Keruwetan

Beberapa hari terakhir, saya sedang membuka kembali proposal disertasi untuk mengingatkan diri sendiri tentang pertanyaan riset dan hal-hal yang perlu diperhatikan. Saya selalu merasa tiap kali membaca sumber, kepala saya mengeluarkan berbagai macam skenario yang akhirnya membuat saya hilang arah dan tidak tahu mau berbuat apa. Sebenernya sangatlah menyebalkan karena hal ini membuat saya tidak bisa fokus dengan tema besar penelitian dan akhirnya berputar-putar sendiri, sebelum akhirnya kelelahan dan merasa frustrasi.

Sebagai contoh, ketika membaca bagian awal buku Ons Huis in Indies (1908) karangan Catenius-van der Meijden, saya jadi penasaran dengan proses perbaikan atau perawatan rumah pegawai pemerintah kolonial. Lalu saya beralih melihat laporan tahunan pekerjaan umum (openbare werken) yang ternyata cukup detail soal jenis perbaikan atau renovasi yang mereka lakukan, seperti mengganti lantai atau memasang jendela, beserta alokasi dana dan pengeluaran aslinya. Lalu jadi terpikir soal studi perbaikan dan perawatan yang saat ini sedang dikembangkan oleh studi arsitektural dan urban, juga studi teknologi. Lalu jadi membaca-baca soal itu dan tenggelam di dalamnya. Lalu menjadi bingung tentang apa yang harus saya pikirkan dan masukkan ke dalam riset disertasi. Dan akhirnya kelelahan sendiri. Fiuh.

Kesulitan paling besar saya selama ini adalah menjadi konsisten dan sistematis terhadap apa yang saya baca. Tentu semua hal berhubungan dan tergulung menjadi bola-bola ruwet. Dan saya selalu percaya kerja penelitian bukan selalu untuk membuat bola ruwet itu menjadi lebih ruwet lagi tetapi untuk pelan-pelan membuka keruwetan itu supaya bisa mengklarifikasi dan memahami satu hal kecil. Saya mengamini prinsip itu tapi pada praktiknya, saya lebih sering merasa overwhelmed dengan keruwetan itu. Memang bisa ya saya paham soal ini? Memang bisa ya menuliskannya dengan jernih?

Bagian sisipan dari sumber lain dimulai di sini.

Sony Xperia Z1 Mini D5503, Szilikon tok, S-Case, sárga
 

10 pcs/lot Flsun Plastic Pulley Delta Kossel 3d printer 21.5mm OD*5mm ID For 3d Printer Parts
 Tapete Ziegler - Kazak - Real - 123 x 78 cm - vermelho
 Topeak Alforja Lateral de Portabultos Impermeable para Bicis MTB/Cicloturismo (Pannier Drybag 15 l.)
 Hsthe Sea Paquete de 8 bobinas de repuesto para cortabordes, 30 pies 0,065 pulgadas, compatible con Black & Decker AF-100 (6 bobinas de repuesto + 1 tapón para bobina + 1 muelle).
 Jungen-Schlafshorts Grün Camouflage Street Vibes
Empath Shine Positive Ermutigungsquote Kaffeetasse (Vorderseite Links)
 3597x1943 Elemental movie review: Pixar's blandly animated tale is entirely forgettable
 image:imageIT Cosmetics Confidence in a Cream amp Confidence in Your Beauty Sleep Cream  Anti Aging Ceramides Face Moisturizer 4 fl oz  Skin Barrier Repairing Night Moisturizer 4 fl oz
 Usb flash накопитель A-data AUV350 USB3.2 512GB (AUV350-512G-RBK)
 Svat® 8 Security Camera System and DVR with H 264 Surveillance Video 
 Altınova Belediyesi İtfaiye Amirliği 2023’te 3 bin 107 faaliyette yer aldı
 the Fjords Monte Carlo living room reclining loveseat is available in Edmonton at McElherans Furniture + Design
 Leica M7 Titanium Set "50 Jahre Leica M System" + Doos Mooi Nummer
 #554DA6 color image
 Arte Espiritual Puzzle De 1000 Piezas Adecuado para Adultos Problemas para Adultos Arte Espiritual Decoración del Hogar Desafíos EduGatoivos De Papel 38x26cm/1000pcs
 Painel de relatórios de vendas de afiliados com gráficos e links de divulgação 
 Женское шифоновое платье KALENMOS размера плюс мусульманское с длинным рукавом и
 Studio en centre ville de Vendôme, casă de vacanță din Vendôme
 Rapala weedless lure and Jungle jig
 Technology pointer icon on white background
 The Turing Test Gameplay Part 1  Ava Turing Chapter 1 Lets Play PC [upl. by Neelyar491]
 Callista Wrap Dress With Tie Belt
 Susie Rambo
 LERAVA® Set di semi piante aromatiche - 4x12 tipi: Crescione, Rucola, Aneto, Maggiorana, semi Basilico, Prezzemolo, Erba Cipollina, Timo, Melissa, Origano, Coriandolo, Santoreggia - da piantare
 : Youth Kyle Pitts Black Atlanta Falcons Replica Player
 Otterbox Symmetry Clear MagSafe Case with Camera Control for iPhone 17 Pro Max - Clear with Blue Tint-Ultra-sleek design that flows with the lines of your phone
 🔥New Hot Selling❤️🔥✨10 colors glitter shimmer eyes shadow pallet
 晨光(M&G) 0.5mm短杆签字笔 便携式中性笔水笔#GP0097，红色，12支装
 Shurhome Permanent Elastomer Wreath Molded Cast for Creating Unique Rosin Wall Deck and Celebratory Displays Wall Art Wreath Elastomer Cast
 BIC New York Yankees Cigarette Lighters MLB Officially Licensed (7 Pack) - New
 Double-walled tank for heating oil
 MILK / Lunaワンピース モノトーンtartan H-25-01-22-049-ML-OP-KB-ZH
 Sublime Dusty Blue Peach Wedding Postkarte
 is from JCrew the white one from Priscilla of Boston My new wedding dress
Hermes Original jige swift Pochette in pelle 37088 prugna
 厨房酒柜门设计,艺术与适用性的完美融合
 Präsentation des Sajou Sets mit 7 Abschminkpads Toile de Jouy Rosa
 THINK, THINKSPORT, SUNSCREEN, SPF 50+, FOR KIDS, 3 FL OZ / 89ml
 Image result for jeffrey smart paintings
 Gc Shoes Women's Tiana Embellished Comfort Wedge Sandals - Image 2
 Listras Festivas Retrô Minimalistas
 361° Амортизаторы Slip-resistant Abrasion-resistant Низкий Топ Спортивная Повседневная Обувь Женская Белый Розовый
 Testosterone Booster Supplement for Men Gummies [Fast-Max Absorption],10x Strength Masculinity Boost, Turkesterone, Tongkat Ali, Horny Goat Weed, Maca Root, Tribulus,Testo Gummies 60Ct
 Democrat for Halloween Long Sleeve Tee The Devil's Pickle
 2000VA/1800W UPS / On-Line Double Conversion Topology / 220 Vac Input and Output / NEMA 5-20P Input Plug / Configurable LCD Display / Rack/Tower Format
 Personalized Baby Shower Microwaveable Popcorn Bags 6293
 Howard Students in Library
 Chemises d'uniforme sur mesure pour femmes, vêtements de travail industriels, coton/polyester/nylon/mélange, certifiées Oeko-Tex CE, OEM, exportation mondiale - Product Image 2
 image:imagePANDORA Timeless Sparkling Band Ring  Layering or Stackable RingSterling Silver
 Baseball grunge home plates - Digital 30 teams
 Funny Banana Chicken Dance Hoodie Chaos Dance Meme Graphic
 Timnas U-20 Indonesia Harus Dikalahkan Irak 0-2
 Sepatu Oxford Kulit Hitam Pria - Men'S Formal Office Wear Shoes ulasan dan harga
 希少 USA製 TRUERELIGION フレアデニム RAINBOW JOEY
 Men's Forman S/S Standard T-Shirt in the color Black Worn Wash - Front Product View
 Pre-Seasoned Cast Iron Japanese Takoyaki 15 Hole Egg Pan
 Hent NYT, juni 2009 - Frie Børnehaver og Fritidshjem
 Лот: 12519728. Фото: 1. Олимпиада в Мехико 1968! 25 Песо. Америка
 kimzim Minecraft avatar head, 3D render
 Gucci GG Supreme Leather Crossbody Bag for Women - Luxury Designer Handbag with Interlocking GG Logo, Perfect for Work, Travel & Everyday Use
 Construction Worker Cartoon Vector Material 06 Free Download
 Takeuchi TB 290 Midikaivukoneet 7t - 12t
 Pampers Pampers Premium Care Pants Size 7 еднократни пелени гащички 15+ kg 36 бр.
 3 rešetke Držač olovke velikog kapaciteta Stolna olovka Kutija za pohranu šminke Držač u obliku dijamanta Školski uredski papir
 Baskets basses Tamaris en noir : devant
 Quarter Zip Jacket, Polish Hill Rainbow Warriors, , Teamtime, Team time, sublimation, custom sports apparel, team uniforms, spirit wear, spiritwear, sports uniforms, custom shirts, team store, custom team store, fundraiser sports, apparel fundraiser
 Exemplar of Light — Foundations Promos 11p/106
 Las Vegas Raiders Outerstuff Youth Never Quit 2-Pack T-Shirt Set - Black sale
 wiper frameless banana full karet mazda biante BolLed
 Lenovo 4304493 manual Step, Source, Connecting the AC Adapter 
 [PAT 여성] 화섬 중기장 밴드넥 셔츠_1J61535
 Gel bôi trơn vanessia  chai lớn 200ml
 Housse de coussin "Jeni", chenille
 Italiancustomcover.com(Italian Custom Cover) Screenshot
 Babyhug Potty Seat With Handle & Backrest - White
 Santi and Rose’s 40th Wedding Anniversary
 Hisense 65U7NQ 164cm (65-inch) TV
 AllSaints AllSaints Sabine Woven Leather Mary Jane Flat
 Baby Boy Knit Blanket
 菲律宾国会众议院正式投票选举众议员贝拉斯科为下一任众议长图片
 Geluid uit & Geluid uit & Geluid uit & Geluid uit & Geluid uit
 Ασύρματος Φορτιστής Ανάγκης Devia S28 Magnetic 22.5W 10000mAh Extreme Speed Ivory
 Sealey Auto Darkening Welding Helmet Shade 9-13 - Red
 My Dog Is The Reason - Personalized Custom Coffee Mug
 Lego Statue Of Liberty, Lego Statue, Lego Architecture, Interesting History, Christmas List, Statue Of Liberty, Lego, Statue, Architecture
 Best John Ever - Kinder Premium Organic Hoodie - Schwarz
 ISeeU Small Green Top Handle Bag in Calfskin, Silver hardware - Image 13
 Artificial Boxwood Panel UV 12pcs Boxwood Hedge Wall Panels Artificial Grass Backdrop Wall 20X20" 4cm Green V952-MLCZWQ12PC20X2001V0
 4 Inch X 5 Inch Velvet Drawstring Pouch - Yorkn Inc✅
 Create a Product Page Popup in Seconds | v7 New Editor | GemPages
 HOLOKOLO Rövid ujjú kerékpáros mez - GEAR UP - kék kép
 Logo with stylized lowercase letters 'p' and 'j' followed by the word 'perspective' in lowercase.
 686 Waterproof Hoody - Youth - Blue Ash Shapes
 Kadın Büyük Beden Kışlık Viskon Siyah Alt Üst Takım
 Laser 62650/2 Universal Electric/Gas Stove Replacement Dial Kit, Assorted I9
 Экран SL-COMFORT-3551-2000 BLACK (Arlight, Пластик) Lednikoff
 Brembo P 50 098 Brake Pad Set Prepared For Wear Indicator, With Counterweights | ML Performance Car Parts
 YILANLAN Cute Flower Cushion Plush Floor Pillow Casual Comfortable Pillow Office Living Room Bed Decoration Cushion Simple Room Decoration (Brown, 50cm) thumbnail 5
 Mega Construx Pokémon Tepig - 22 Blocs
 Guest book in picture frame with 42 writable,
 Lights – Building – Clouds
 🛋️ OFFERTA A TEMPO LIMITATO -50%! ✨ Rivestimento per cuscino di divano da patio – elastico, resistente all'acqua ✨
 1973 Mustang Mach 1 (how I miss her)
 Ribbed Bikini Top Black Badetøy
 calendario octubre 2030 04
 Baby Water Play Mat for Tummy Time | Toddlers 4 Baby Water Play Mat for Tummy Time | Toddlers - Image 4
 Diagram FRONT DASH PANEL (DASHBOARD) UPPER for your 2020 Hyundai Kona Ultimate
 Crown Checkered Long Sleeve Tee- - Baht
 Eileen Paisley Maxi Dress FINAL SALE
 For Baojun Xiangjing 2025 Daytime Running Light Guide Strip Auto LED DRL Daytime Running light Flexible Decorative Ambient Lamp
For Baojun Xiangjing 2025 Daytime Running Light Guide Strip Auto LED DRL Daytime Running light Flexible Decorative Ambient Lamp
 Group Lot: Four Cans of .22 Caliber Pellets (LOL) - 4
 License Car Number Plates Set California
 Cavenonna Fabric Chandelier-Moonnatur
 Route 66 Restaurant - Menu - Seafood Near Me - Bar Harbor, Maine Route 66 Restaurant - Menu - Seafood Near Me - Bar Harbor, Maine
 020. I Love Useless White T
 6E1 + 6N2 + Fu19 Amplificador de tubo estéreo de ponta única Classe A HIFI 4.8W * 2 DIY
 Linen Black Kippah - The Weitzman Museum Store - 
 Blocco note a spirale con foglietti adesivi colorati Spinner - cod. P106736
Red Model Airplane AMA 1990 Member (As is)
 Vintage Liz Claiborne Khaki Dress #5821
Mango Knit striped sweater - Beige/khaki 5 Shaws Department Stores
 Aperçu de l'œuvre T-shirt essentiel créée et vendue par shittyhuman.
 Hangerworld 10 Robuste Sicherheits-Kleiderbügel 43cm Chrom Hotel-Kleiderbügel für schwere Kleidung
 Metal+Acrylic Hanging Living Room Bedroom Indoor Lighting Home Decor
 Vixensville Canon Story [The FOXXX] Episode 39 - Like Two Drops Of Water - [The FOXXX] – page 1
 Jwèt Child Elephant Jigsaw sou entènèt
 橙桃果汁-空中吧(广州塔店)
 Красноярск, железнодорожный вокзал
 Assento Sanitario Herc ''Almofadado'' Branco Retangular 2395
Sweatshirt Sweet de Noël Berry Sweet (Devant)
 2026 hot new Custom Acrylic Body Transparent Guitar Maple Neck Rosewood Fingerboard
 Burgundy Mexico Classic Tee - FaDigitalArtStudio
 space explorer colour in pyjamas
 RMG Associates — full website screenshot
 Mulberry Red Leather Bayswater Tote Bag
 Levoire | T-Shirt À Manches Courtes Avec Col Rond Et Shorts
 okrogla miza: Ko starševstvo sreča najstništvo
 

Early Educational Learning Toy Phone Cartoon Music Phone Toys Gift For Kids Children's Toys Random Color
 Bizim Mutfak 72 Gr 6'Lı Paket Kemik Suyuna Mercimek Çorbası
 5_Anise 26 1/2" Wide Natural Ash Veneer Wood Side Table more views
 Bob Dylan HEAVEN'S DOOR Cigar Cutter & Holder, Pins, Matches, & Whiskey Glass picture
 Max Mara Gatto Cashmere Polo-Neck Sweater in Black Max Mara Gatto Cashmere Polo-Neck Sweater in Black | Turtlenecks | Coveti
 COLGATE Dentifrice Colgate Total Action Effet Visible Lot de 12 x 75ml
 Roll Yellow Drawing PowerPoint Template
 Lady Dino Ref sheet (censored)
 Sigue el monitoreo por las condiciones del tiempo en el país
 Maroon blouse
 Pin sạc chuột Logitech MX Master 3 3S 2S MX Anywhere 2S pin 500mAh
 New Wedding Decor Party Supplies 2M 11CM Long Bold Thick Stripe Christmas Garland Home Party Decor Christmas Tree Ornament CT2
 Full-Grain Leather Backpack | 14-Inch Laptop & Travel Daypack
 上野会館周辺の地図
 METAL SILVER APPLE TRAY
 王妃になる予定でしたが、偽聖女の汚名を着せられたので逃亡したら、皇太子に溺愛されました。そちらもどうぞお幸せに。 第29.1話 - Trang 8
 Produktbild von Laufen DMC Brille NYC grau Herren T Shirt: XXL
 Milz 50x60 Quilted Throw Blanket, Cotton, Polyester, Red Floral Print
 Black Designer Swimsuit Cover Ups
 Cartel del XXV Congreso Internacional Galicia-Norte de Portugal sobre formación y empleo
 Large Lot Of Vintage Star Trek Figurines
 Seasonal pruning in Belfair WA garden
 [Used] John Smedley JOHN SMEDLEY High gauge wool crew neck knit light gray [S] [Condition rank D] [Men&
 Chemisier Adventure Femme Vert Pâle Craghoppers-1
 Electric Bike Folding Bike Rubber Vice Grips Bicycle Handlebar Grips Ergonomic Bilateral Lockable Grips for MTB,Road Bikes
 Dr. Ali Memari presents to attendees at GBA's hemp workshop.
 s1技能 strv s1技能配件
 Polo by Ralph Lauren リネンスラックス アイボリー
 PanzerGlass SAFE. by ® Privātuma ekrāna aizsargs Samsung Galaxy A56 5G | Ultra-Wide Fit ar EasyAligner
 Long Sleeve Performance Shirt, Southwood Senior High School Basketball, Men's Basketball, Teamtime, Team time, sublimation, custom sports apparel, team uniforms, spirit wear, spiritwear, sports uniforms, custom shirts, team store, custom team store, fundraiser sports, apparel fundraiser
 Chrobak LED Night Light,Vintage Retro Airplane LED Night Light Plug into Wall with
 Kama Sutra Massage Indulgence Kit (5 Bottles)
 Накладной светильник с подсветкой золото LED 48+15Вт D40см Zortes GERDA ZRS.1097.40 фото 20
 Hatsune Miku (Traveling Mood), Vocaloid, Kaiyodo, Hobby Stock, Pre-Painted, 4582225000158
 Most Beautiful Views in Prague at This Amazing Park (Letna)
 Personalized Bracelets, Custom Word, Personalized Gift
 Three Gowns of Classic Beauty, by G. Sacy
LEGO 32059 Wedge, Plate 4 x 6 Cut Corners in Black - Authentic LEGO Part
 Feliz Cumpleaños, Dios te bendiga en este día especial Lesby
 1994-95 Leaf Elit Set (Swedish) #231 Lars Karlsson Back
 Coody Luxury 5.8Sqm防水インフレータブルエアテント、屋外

Kalau moda membacamu lebih cenderung ke posisi skeptis, mungkin membaca banyak tidak terlalu masalah karena kamu akan lebih cepat menyaring banyak hal dan tidak terpengaruh oleh apa yang kamu baca. Tapi kalau moda membacamu sama seperti saya, kamu akan menyerap dan selalu terpengaruh oleh apapun yang kamu baca. Menurut pengampu lokakarya menulis di kampus, paper saya waktu itu adalah salah satu paper yang mengaplikasikan banyak hal di sesi lokakarya itu. Di dalam paper saya ada jejak-jejak dari buku yang kami baca dan percakapan bersama tentang menggunakan feminisme sebagai metode menulis sejarah. Saya merasa senang mendapat komentar itu dan di saat yang sama, saya merasa cemas karena kebiasaan menyerap dan mengaplikasikan hal yang saya baca dan dengar akhirnya membuat saya tidak dapat menentukan arah analisis dan bentuk tulisan. Mungkin benar kalau ada kalanya kita perlu berhenti sebentar membaca buku orang lain atau tidak semua saran dan komentar relevan untuk pertanyaan dan tujuan penelitian kita. But still ….

Kecemasan saya soal penelitian ini memang sumbernya adalah rasa tidak percaya diri terhadap apa yang saya kerjakan, meskipun rekan, mentor, dan orang-orang terdekat telah meyakinkan saya bahwa apa yang saya kerjakan itu penting. Pergulatan dengan metode, cara membaca, dan runut pikir akan jadi pergulatan yang panjang, dan rasanya angkuh sekali untuk mencari penyelesaiannya sekarang. Mungkin memang penulisan sejarah, jika memang ingin terjun dalam debat keilmuannya, adalah usaha-usaha bereksperimen dengan banyak hal dan saya tidak tahu sejauh mana interpretasi saya dapat dipertanggungjawabkan selain sebagai satu benang pengetahuan yang bertegangan dan terjalin dengan benang-benang lainnya.

Ah, sebenernya saya berniat menggunakan post ini untuk berbagi catatan riset atau hal-hal menarik dari sumber yang saya baca. Tapi memang lebih mudah corat-coret bacotan. Semoga minggu depan bisa sedikit beralih dari kerumitan kepala sendiri.